- [What you are asked to do]:
From the data that follows, print exactly the lines starting at the one containing "Thom Krom - Zip-Fastening Jacket - Lyst" and ending at the one containing "HARLEY 82 Glieder"; include both of them and nothing more.

- [Supplied entries]:
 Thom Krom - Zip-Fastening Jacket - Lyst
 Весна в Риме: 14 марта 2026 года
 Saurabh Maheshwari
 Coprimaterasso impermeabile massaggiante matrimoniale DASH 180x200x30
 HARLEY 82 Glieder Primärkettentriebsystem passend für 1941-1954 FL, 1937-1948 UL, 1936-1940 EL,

* * *

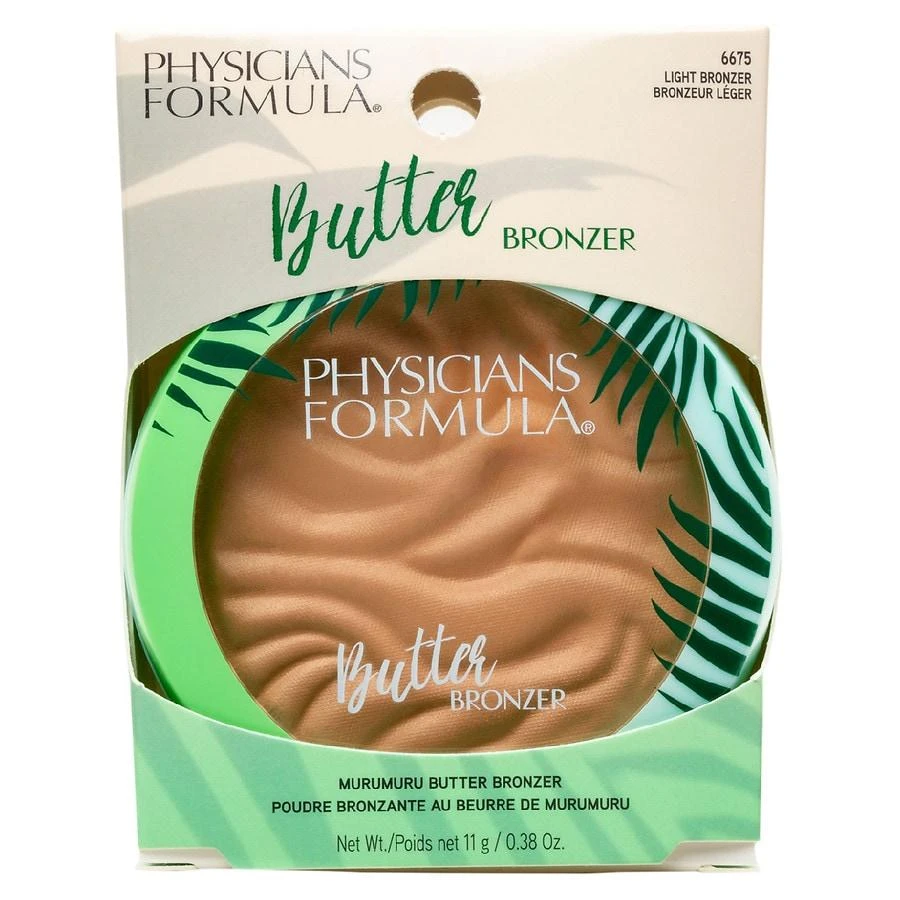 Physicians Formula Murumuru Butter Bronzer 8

- [Solution for this exercise]:
 Thom Krom - Zip-Fastening Jacket - Lyst
 Весна в Риме: 14 марта 2026 года
 Saurabh Maheshwari
 Coprimaterasso impermeabile massaggiante matrimoniale DASH 180x200x30
 HARLEY 82 Glieder Primärkettentriebsystem passend für 1941-1954 FL, 1937-1948 UL, 1936-1940 EL,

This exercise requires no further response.